Known as Miss Janice, she was the instructor for the Living On Live Raw Chef course I took today. Check it out - maybe it's right for you, too! http://www.rawteacher.com/missjanice/?p=calendar
She embodies everything they say raw does: she exudes glowing, vibrant energy, and a palpable lightness of being. The afternoon flew by, made fun by her relaxed teaching style, delicious food, and rawkin' assistants, Colin and Jackie, who were key to keeping the class moving. There were only 6 of us, so it was very personal and informal.
I learned so much!!
We ate so much!! Haha! It was great!
We learned to make several yummy dishes...some of which I found familiar, having made variations, and having been uncooking for a couple years, but even those had a twist I hadn't thought of, so I found it very informative.
She demonstated all the food herself and we watched from our place at the table, complete with table setting. The best part was that we were served samples of all the dishes, so I stuffed my face all afternoon! Yeehaa!!
She stared with a green smoothie, and besides the greens and fruit, water, and superfoods, she added almonds and dates, something I don't do. But it was divine!
And gawd knows I'm a raw brownie freak! We had those, too...minus the icing. (I'm going to email her the icing recipe and see what she thinks.)
We made date-nut torte with frosting, and it was so creamy and fudgy.
The whole time things are being prepared, we are being informed in a really conversational way and Colin is active keeping a steady flow of lemon water in our glasses, and Jackie is prepping our next plate and she and Colin serve us, and then do dishes between courses. These two earned their date-nut torte, Man!!
I learned today that you can drink the soak water from dates and gojis, (diluted if you'd rather) and that it gives you a real energy boost. I always toss it, unless a recipe calls for soak water. But never drink your nut water (that just sounds WRONG on every level). And it is... we soak nuts to release the enzyme inhibitors and the toxins, so you don't want to ingest that grungy stuff.
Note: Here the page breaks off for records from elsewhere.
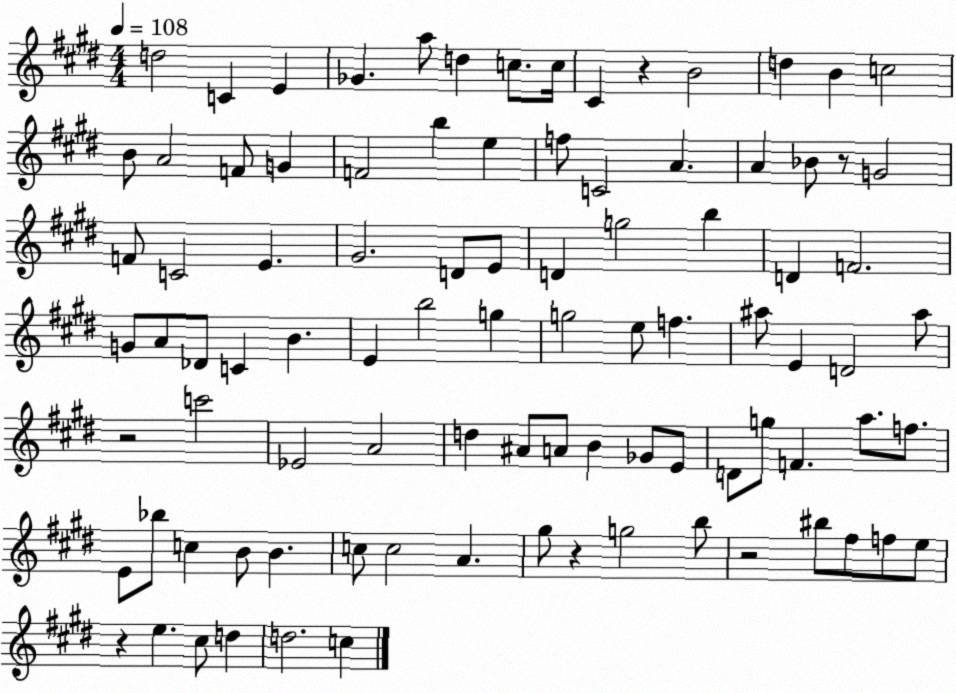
X:1
T:Untitled
M:4/4
L:1/4
K:E
d2 C E _G a/2 d c/2 c/4 ^C z B2 d B c2 B/2 A2 F/2 G F2 b e f/2 C2 A A _B/2 z/2 G2 F/2 C2 E ^G2 D/2 E/2 D g2 b D F2 G/2 A/2 _D/2 C B E b2 g g2 e/2 f ^a/2 E D2 ^a/2 z2 c'2 _E2 A2 d ^A/2 A/2 B _G/2 E/2 D/2 g/2 F a/2 f/2 E/2 _b/2 c B/2 B c/2 c2 A ^g/2 z g2 b/2 z2 ^b/2 ^f/2 f/2 e/2 z e ^c/2 d d2 c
Not that I ever felt tempted, haha.
We enjoyed Mock Salmon Pate, Stuffed Portebella Mushroom Caps, and these were so good that when Steve picked me up, I got him to drive me to the grocery store to pick up some portebellos and avocados, saying, "Have I got a treat for you!"
We had Collard Roll-Ups, Broccoli Soup, Fettucini Alfredo, and Angel Hair Pasta with Marinara Sauce.
Just enough of everything to be nicely full by the end of the course, not stuffed. It was so lovely!
So, for dinner, I made the Stuffed Portebellas, using the few tricks I learned in class. By the way, I'm now a Level One Certified Raw Chef! Yeeehaaa!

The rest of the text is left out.